How often have you wanted to learn whilst having fun? For some, fun comes in reading manga, a medium capable of tackling anything from bread making (Yakitate! Japan), the arts industry (Bakuman), even existential philosophy (Ghost in the Shell). But what if you could learn physics using manga? That is exactly what this book offers! It has all the charm of traditional manga, but is full of accessible demonstrations of relativity.

After hearing about a series of manga guides to physics, I rushed to the university library to find the ‘Manga Guide to Relativity’, and became hooked from the prologue. The book opens at the end of the school year, with the students going over their plans for the summer and a closing speech by the headteacher.Little do they know, he has a wheel of fortune on the stage, with the outcome determining what the students will study during the break. The dart is thrown as the wheels spins and it hits – relativity! The student body president Minagi cries out against this outrage, but is forced by his peers to accept the challenge to study on behalf of all the students.

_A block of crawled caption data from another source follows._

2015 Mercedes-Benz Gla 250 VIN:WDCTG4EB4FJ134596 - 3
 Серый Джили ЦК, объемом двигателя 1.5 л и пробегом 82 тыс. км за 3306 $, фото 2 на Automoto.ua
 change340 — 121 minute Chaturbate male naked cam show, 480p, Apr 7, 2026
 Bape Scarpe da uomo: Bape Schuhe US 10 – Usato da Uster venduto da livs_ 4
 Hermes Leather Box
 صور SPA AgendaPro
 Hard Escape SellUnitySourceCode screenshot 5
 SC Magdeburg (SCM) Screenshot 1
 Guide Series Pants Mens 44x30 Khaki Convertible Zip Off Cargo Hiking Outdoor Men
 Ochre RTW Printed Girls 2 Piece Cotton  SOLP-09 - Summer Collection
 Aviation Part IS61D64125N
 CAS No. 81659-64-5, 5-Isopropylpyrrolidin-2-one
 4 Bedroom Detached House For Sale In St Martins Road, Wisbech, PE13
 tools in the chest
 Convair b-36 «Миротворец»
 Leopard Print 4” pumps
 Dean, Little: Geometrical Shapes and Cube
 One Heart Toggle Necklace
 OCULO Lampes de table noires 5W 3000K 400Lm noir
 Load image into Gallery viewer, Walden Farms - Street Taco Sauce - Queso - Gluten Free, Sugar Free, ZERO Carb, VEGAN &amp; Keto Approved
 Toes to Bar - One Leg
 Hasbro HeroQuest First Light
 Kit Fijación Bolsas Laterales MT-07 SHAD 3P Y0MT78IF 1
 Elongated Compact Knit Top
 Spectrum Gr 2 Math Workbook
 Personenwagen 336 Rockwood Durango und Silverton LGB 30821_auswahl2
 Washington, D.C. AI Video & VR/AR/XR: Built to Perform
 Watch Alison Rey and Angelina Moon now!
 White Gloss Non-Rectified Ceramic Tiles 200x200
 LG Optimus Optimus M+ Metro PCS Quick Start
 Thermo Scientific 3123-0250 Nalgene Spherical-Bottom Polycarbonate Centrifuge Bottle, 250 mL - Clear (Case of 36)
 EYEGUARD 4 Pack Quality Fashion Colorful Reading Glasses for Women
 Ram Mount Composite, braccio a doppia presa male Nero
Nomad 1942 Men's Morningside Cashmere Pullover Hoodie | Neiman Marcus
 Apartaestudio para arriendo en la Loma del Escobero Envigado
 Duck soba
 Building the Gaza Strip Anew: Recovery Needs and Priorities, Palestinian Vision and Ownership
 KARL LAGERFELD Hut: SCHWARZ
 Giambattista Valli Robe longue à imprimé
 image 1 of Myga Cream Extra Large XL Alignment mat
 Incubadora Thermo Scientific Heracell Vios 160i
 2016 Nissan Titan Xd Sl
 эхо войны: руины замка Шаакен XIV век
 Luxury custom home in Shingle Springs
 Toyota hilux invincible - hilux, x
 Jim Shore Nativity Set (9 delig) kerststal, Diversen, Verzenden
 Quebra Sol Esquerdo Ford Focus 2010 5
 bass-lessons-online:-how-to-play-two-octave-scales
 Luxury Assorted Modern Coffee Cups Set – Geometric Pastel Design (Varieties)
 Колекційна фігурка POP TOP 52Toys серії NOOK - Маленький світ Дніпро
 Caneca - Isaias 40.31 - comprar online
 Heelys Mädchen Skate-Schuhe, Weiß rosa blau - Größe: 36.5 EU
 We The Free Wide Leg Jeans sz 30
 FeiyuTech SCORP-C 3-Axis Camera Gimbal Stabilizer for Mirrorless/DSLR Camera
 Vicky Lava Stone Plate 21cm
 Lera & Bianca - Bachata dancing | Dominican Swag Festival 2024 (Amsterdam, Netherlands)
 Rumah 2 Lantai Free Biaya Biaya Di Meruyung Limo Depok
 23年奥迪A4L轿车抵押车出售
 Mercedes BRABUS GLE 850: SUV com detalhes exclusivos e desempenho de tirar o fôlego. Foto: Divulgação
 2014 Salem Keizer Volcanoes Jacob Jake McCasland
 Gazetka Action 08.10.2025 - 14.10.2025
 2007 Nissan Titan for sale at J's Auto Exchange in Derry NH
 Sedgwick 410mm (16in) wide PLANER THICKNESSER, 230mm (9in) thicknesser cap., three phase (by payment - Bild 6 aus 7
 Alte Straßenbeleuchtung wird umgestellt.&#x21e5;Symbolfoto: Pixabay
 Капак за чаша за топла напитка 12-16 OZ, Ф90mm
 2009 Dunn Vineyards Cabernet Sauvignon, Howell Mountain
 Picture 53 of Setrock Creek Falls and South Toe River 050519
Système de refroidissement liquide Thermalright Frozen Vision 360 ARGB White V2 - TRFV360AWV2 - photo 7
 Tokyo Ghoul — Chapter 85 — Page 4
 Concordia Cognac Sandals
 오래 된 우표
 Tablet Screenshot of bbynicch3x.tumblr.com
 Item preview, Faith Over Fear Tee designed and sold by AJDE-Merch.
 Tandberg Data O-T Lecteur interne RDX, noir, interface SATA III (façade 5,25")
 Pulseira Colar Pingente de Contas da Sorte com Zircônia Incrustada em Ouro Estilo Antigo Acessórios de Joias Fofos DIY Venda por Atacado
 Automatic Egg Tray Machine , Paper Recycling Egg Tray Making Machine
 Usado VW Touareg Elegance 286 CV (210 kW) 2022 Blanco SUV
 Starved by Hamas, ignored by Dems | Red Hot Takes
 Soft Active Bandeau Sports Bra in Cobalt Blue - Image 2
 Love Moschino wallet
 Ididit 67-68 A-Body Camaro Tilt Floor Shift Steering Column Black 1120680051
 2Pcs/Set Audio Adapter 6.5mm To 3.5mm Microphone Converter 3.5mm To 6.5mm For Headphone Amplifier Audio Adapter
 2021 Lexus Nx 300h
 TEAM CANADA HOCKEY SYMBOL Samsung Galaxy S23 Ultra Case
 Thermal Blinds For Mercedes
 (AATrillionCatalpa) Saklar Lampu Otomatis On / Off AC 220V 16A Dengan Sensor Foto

While improbable, the story arc progresses in this rather bizarre fashion, with the physics teacher trying to earn brownie points by teaching young Minagi all about relativity. All the fundamentals are demonstrated with richly drawn characters, helping bring the points to life and keep interest during the more difficult concepts. In addition, at the end of each chapter a more rigorous explanation of all the topics mentioned is provided.

I wouldn’t recommend this book as a primary textbook, but it certainly qualifies as one to read to help the mind grasp the more difficult concepts of relativity. And with a typical manga arc, plot twists, and colourful characters, what’s not to love?

Caveat: the ‘Manga Guide to Relativity’ suggests that mass increases with speed, which is a contested subject in physics. At the University of Birmingham, it’s more often taught that the force needed to accelerate a fixed mass increases, rather than the mass itself increases.